▶ **Your instructions**
Give again, word for word, the lines below that run from the line with "For medical management, there's" through the line with "Hey everyone, welcome". Drop the pictures.

▶ **Input data**
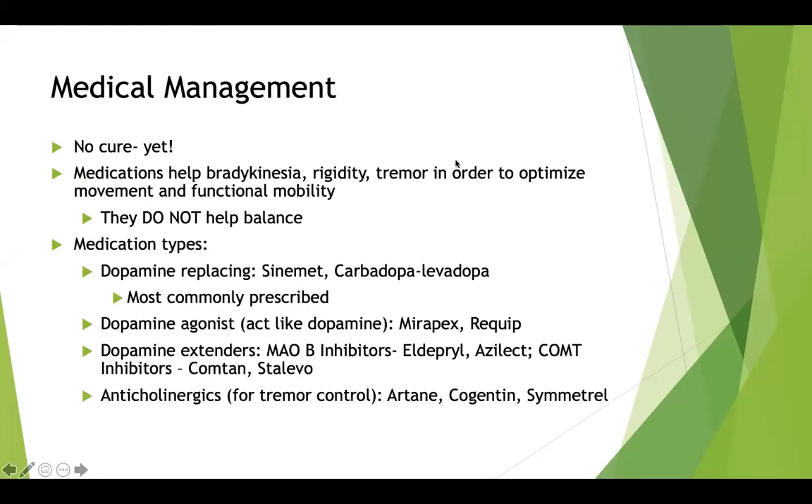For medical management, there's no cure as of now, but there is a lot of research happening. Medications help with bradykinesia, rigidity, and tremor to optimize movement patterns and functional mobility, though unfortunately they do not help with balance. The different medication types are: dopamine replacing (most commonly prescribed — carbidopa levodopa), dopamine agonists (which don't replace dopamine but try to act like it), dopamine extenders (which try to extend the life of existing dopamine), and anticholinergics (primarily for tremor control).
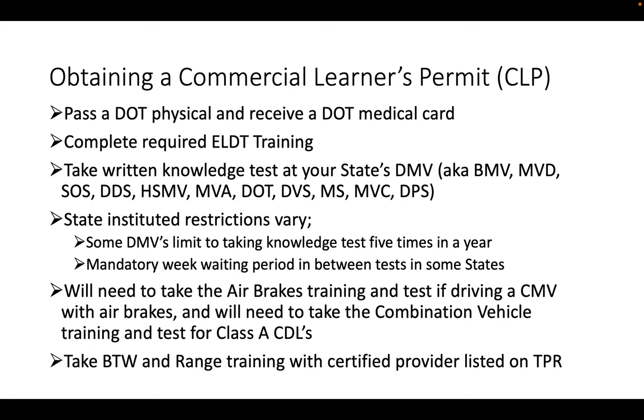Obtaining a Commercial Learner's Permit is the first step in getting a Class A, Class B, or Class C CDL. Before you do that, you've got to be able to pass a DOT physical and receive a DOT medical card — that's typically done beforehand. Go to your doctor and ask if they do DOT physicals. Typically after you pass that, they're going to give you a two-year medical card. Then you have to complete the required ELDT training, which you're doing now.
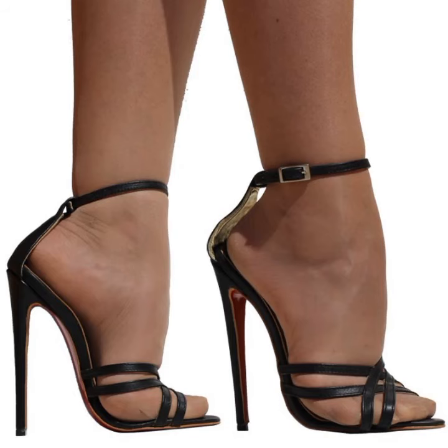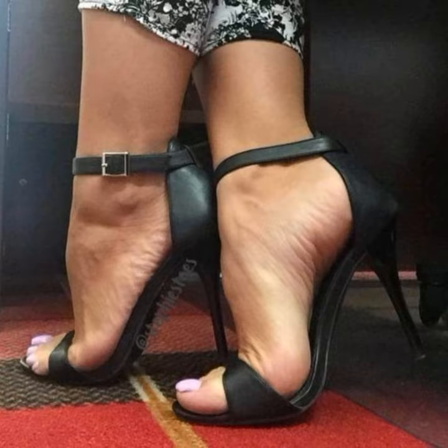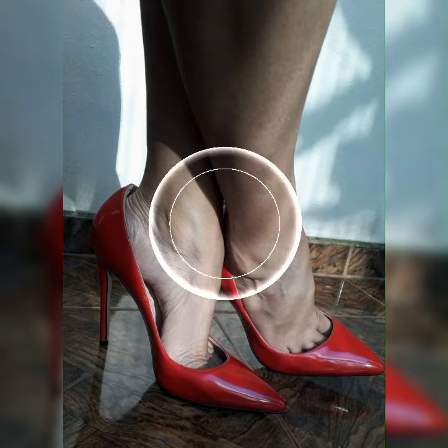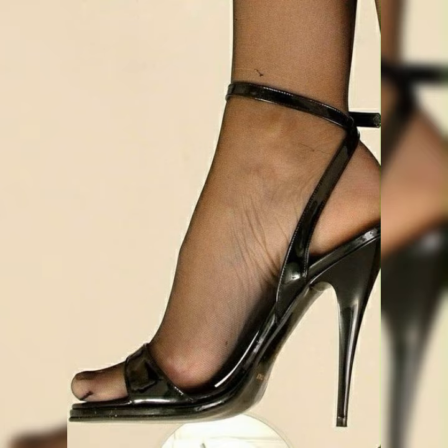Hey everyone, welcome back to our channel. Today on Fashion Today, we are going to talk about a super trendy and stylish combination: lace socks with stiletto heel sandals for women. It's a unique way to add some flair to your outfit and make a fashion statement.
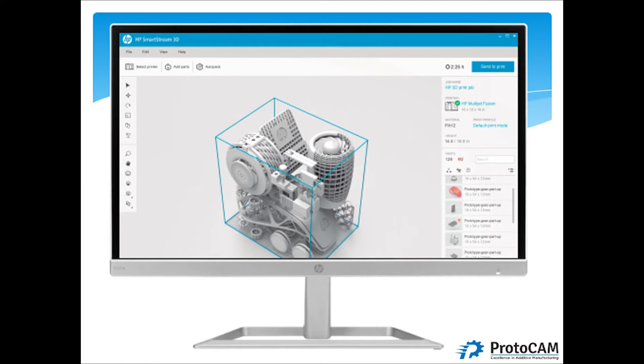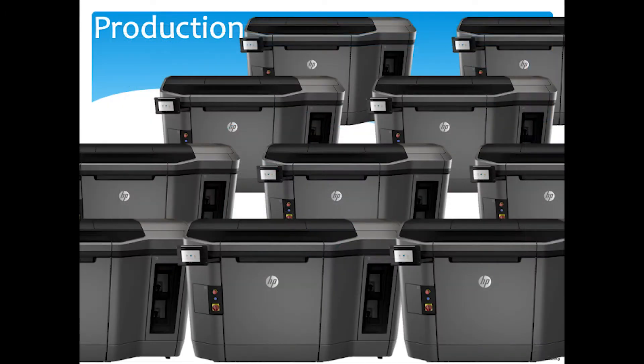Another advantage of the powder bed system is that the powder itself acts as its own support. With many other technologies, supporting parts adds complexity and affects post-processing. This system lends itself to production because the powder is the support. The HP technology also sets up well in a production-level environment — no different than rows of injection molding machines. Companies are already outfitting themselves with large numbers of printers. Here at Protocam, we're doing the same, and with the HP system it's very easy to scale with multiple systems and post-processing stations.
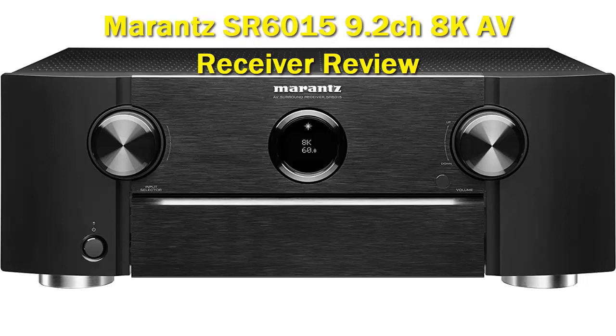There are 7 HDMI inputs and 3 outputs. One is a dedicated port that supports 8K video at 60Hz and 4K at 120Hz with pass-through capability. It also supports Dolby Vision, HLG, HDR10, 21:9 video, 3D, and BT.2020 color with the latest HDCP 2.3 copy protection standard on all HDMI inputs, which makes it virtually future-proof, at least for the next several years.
* * *
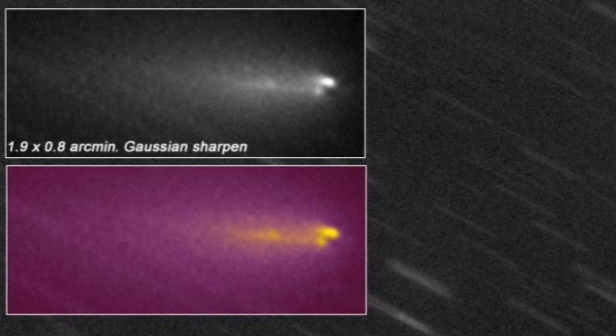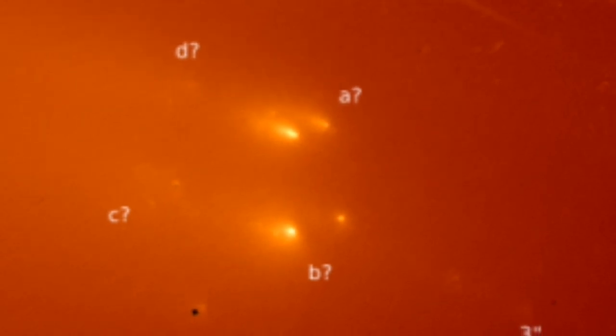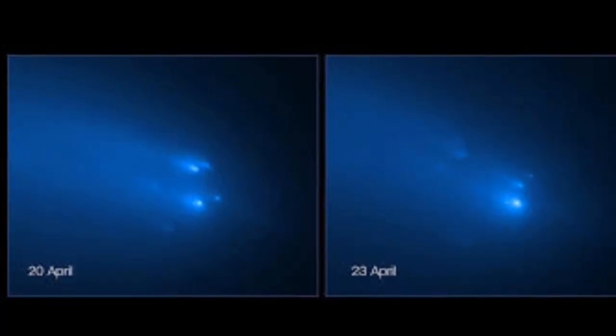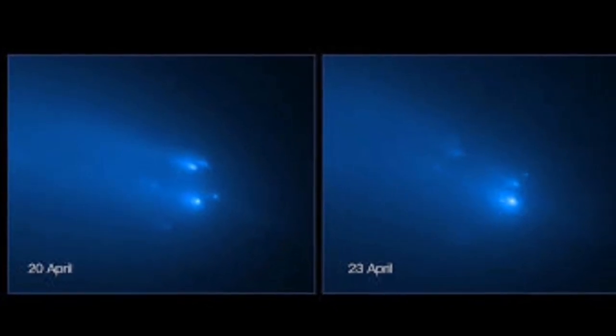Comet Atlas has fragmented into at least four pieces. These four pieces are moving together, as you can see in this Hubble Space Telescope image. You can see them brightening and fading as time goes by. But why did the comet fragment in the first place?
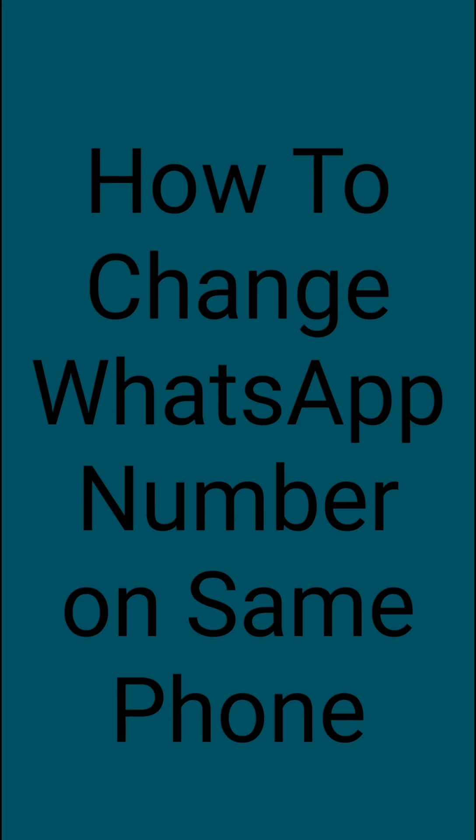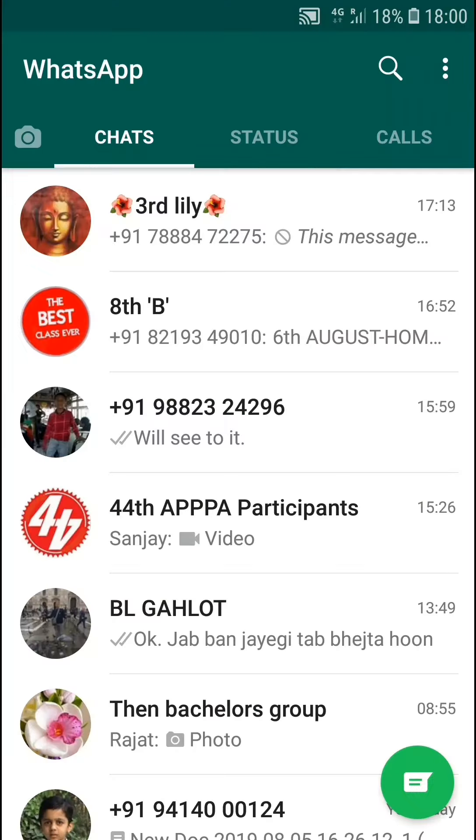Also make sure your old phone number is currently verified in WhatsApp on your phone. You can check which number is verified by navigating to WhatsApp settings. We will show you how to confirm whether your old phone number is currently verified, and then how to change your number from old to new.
---
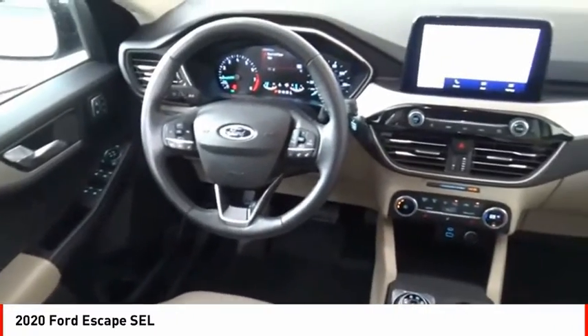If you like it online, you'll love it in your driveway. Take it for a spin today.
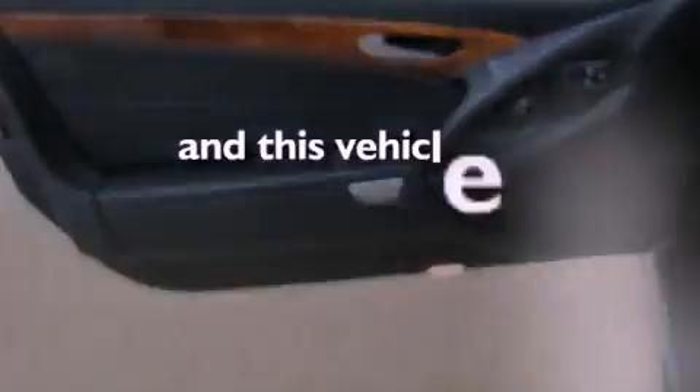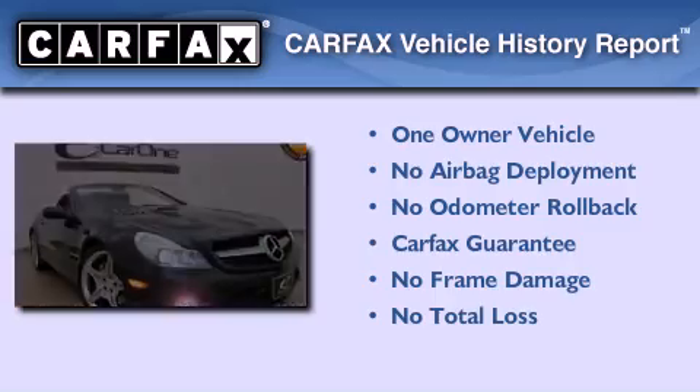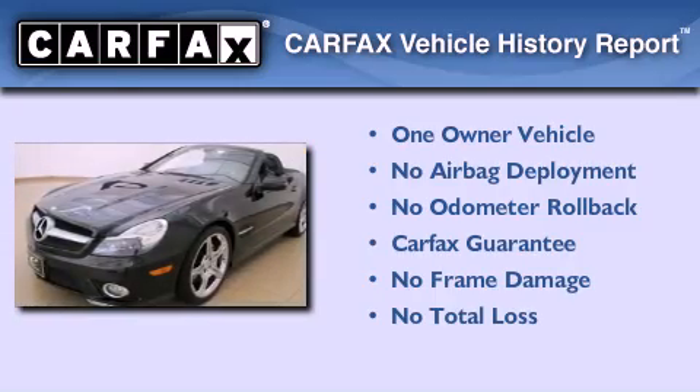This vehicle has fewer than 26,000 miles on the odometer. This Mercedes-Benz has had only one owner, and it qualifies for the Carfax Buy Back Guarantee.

▶ **Exercise answer**
For medical management, there's no cure as of now, but there is a lot of research happening. Medications help with bradykinesia, rigidity, and tremor to optimize movement patterns and functional mobility, though unfortunately they do not help with balance. The different medication types are: dopamine replacing (most commonly prescribed — carbidopa levodopa), dopamine agonists (which don't replace dopamine but try to act like it), dopamine extenders (which try to extend the life of existing dopamine), and anticholinergics (primarily for tremor control).
Obtaining a Commercial Learner's Permit is the first step in getting a Class A, Class B, or Class C CDL. Before you do that, you've got to be able to pass a DOT physical and receive a DOT medical card — that's typically done beforehand. Go to your doctor and ask if they do DOT physicals. Typically after you pass that, they're going to give you a two-year medical card. Then you have to complete the required ELDT training, which you're doing now.
Hey everyone, welcome back to our channel. Today on Fashion Today, we are going to talk about a super trendy and stylish combination: lace socks with stiletto heel sandals for women. It's a unique way to add some flair to your outfit and make a fashion statement.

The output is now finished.